WHAT IS REQUIRED. For the data below, work out how many lines contain the word "Volkswagen" and supply only that number.
★ ★ ★ ★
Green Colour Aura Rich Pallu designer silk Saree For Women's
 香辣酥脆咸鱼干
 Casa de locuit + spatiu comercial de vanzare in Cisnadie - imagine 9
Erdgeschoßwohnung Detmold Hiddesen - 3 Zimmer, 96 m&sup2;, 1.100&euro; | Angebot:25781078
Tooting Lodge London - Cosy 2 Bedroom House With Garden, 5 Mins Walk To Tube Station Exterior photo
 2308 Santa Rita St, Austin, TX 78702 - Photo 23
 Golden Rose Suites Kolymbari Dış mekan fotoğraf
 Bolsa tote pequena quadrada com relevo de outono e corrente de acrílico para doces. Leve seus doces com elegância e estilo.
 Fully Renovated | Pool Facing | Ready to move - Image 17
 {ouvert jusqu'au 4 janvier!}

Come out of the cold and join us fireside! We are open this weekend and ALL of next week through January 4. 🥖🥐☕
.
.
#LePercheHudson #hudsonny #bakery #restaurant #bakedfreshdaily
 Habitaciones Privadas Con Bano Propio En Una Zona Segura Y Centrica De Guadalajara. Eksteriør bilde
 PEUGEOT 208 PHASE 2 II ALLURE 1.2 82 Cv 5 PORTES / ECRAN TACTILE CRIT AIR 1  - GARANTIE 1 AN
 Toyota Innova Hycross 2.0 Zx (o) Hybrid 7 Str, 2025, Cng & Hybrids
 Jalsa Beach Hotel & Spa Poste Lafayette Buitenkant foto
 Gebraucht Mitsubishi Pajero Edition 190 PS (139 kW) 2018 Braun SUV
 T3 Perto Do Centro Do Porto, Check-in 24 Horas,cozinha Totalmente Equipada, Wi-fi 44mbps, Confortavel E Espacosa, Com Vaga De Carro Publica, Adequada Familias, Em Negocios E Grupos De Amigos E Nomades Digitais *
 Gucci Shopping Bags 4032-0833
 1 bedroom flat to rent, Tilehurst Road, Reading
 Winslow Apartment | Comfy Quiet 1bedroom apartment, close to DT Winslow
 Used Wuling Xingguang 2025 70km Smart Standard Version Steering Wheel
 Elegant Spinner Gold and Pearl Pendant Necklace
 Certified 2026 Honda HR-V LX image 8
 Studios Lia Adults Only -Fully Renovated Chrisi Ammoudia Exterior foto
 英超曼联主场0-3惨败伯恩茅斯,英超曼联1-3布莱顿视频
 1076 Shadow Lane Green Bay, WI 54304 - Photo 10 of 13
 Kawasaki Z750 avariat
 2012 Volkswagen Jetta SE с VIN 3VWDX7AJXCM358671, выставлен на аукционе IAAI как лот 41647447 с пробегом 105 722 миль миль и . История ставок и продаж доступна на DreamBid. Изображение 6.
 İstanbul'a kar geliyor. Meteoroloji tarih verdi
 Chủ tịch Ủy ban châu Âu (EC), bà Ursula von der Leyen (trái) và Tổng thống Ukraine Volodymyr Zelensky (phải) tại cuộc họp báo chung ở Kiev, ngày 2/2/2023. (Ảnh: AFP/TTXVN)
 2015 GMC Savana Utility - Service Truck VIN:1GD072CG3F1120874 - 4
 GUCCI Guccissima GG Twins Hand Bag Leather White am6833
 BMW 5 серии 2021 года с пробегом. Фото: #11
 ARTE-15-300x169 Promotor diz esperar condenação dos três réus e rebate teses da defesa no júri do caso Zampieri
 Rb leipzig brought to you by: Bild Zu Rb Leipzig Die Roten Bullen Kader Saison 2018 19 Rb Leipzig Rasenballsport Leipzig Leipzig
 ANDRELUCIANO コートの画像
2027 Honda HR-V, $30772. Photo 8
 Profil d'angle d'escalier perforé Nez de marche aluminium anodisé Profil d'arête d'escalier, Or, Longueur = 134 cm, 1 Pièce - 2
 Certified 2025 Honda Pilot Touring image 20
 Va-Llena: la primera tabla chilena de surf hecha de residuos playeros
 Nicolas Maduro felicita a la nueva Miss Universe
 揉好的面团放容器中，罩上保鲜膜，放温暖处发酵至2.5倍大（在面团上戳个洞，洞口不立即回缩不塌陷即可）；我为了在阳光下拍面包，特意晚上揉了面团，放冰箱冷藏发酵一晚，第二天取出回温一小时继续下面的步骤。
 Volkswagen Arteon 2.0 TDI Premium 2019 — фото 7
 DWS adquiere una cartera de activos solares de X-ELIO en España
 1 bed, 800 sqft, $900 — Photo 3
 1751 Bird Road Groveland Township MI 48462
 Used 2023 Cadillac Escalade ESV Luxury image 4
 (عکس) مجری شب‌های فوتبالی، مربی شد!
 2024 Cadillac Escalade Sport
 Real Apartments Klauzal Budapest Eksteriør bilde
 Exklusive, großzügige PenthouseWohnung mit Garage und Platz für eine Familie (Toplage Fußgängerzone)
★ ★ ★ ★
TASK ANSWER. 2